I’m using the historical price-to-tangible book (“P/TB”) and price-to-earnings (“P/E”) multiples to value ServisFirst. The stock has traded at an average P/TB ratio of 2.88x in the past, as shown below.

FY17 FY18 FY19 FY20 FY21 Average
T. Book Value per Share ($) 10.9 12.9 15.3 18.0 18.7
Average Market Price ($) 38.0 40.8 33.9 35.7 67.4
Historical P/TB 3.47x 3.16x 2.21x 1.98x 3.61x 2.88x
Source: Company Financials, Yahoo Finance, Author’s Estimates

Multiplying the average P/TB multiple with the forecast tangible book value per share of $23.80 gives a target price of $68.60 for the end of 2022. This price target implies a 21.5% downside from the April 19 closing price. The following table shows the sensitivity of the target price to the P/TB ratio.
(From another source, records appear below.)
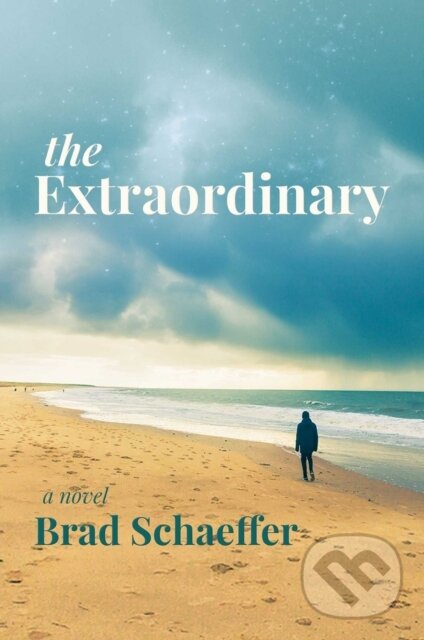 Kniha The Extraordinary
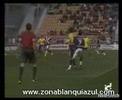 Julio Hormiga En Buen Momento (ZonaBlanquiazul)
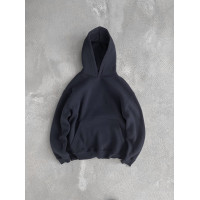 Oversize худі на флісі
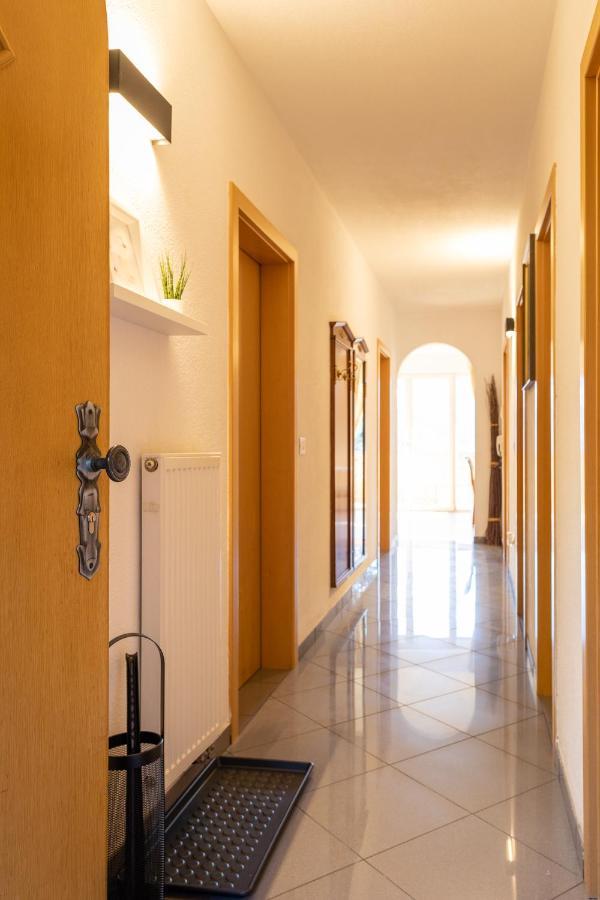 Appartement Sophie Bressanone Esterno foto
P/TB Multiple 2.68x 2.78x 2.88x 2.98x 3.08x
TBVPS – Dec 2022 ($) 23.8 23.8 23.8 23.8 23.8
Target Price ($) 63.8 66.2 68.6 70.9 73.3
Market Price ($) 87.3 87.3 87.3 87.3 87.3
Upside/(Downside) (26.9)% (24.2)% (21.5)% (18.7)% (16.0)%
Source: Author’s Estimates

The stock has traded at an average P/E ratio of around 15.9x in the past, as shown below.

FY17 FY18 FY19 FY20 FY21 Average
Earnings per Share ($) 1.72 2.53 2.76 3.13 3.82
Average Market Price ($) 38.0 40.8 33.9 35.7 67.4
Historical P/E 22.1x 16.1x 12.3x 11.4x 17.7x 15.9x
Source: Company Financials, Yahoo Finance, Author’s Estimates

Multiplying the average P/E multiple with the forecast earnings per share of $4.27 gives a target price of $67.90 for the end of 2022. This price target implies a 22.2% downside from the April 19 closing price. The following table shows the sensitivity of the target price to the P/E ratio.
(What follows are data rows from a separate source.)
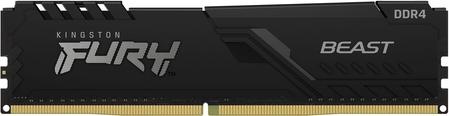 Produktbild Kingston FURY Beast (2 x 16GB, 3600 MHz, DDR4-RAM, DIMM)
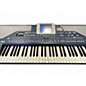 Used KORG PA800 61 Key Keyboard Workstation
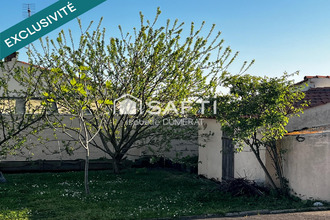 achat maison les-sables-d-olonne 85340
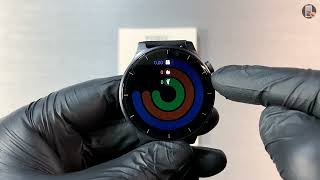 TOZO S5 Amoled SPORT SmartWatch [upl. by Barthold]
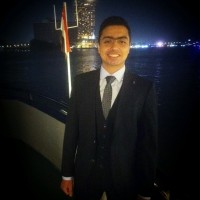 Mostafa El Halawany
P/E Multiple 13.9x 14.9x 15.9x 16.9x 17.9x
EPS – 2022 ($) 4.27 4.27 4.27 4.27 4.27
Target Price ($) 59.4 63.6 67.9 72.2 76.4
Market Price ($) 87.3 87.3 87.3 87.3 87.3
Upside/(Downside) (32.0)% (27.1)% (22.2)% (17.3)% (12.5)%
Source: Author’s Estimates

Equally weighting the target prices from the two valuation methods gives a combined target price of $68.20, which implies a 21.8% downside from the current market price. Adding the forward dividend yield gives a total expected return of negative 20.8%.

Although the total expected return justifies a sell rating, such a rating is inappropriate for ServisFirst given the outlook of a strong balance sheet and net income growth. Therefore, I’m maintaining a hold rating on ServisFirst Bancshares.